Performance is evaluated by comparing actual results to plan. We want to know if we are performing to plan, and, if not, why not.

 

Key Topics:

·         Variance Analysis

·         Reforecasting

·         A Better Process

 

 

Variance Analysis

 

When evaluating variances of actual results from plan, we want to find out as quickly as possible whether we are meeting our planned performance. However, we know there is always random variance within any time period. We need to determine if the actual variance falls within this "normal" variation, or if it represents a trend away from plan - either positive or negative.

 

Performance Chain compares actual variances to the historic random variation to get a probability that the variance is random. Unlike other products' "stoplights" or "gas gauges," we do not set an arbitrary threshold for flagging variances. Normal "expected" variation differs among accounts, so one threshold does not "fit all." A 2% variance would be insignificant for the account in chart (a), but quite unusual for the account in chart (b).

 

 

Instead, we track over time the probability that the variances are random. The trend of these probabilities gives us an excellent indication of whether we are tracking away from plan. Significant variances are always identified, while false alerts are eliminated for large variances that are random rather than significant, avoiding needless distractions and wasted resources.

 

Because our models produce accurate forecasts and include all factors except random variation, even a few small variances can indicate our performance is varying from our forecast assumptions.

 

 

While there is no objective threshold for when variances are significant, and no one time period is conclusive, the trend of actual results from a good forecast is compelling evidence.
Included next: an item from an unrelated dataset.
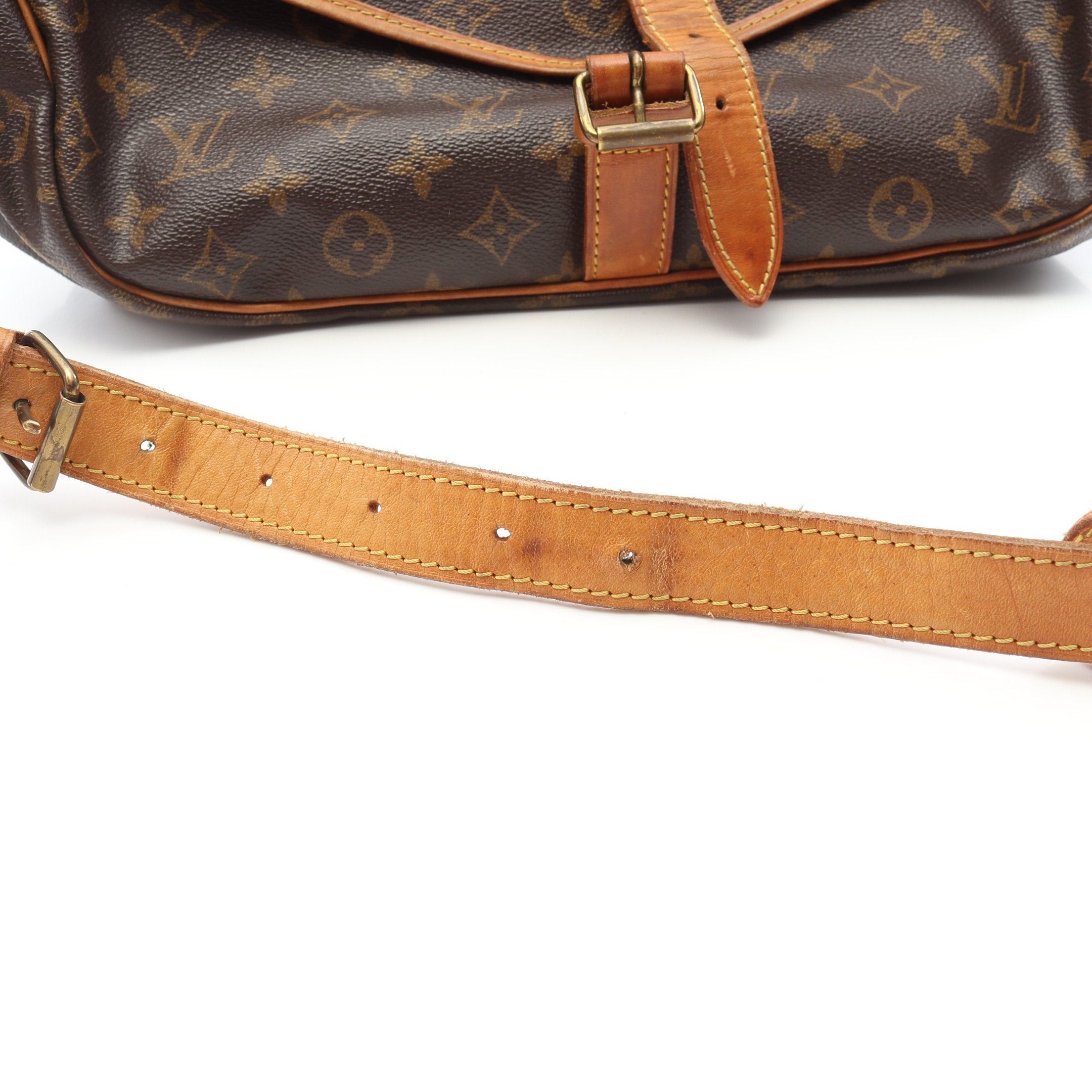 Louis Vuitton Louis Vuitton Saumur 35 Monogram Shoulder Bag Leather Brown Size ONE SIZE - 8 Thumbnail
This evidence ensures that any incorrect forecast assumptions will be identified as quickly as possible so corrective action can be taken.

 

With Performance Chain, evaluating performance is easy and meaningful

 

·         Variances are instantly recognizable

·         Provides probability that performance is on plan

·         Shows probability trend

·         Automatically adjusts for driver variance

 

 

Reforecasting

 

Once variances are confirmed, managers must determine the cause of the variance and adjust their forecast accordingly. Performance Chainprovides variances for each key performance indicator, making it easy to identify the sources of performance variance. Managers can evaluate if initiatives have been properly implemented or if the initiatives and/or strategies are not as effective as expected. Good performance and effective initiatives are quickly identified and can be expanded and spread to other areas. Likewise, bad performance and ineffective initiatives can be addressed early in the process.

 

Performance Chainmakes reforecasting easy

 

·         Easy to reforecast in response to variances from plan

·         Can reforecast while reviewing actual results

·         Plan and targets are always up-to-date

·         Spot issues with hitting targets while there is still time to do something about it

 

 

A Better Process

 

Because of its revolutionary approach, Performance Chain supports and facilitates a better performance management process. Grueling annual planning cycles are replaced with quick, more frequent strategic reviews. Managers make frequent reforecasts, so plans are always current - you approach "continuous" planning. This lets you quickly respond to changes in market conditions and spread successful strategies. Rolling forecasts come naturally, as there is no fixed time horizon. Budgets are not fixed, but are automatically adjusted as drivers change.

 

Most importantly, Performance Chain involves more people in performance management. Little technical knowledge is required, allowing you to include all levels of management in the process. All managers are aligned to your strategic goals, everyone has input to their targets, and everyone is accountable.

 

Everyone understands how performance is measured. Everyone has control over their performance. No more disputes over facts. No more questions about goals. No more excuses for poor performance.